◆ Action item:
The result should be an exact copy of only the lines from the one holding "FUNNY Retirement Kaart - Old Lady Paper Doll" through the last line of the data below, please, without pictures.

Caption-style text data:
━━━━━━━━━━━━━━━━━━━━━━━━━━━━━━

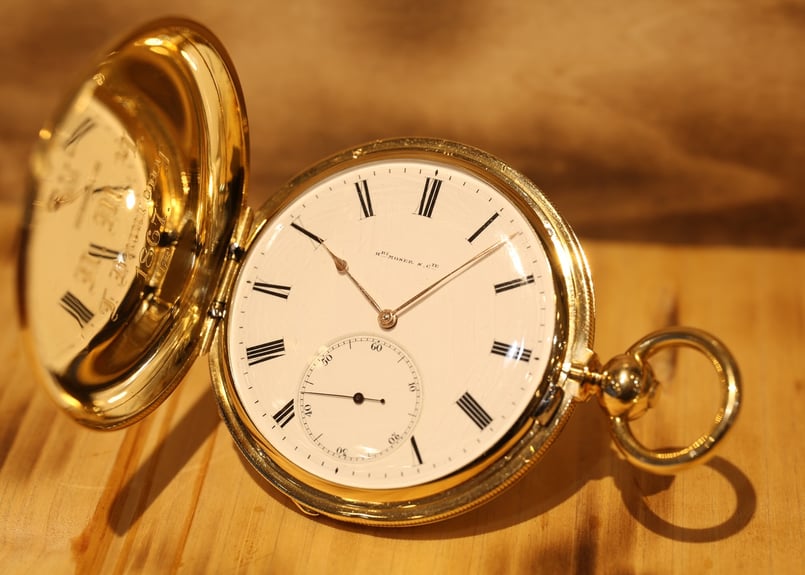AT-70B H.モーザー H.Moser ＆ Cie. 鍵巻鍵合せ懐中時計 K18YGハン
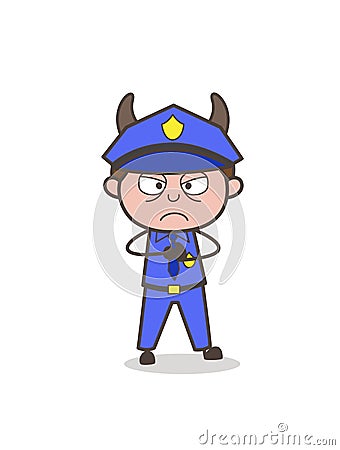 Cartoon Devil Inspector in Angry Mood Stock Photo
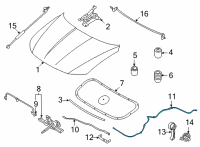 OEM 2022 Hyundai Tucson CABLE ASSY-HOOD LATCH RELEASE Diagram - 81190-CW000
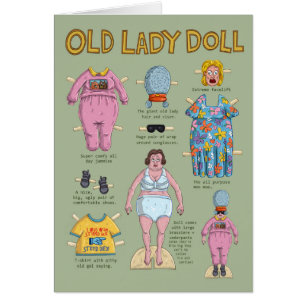FUNNY Retirement Kaart - Old Lady Paper Doll
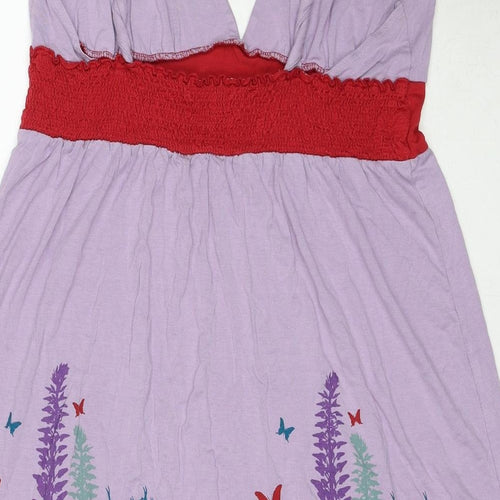 Look Womens Purple Floral Viscose A-Line Size 16 V-Neck Pullover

━━━━━━━━━━━━━━━━━━━━━━━━━━━━━━

◆ Final answer:
FUNNY Retirement Kaart - Old Lady Paper Doll
 Look Womens Purple Floral Viscose A-Line Size 16 V-Neck Pullover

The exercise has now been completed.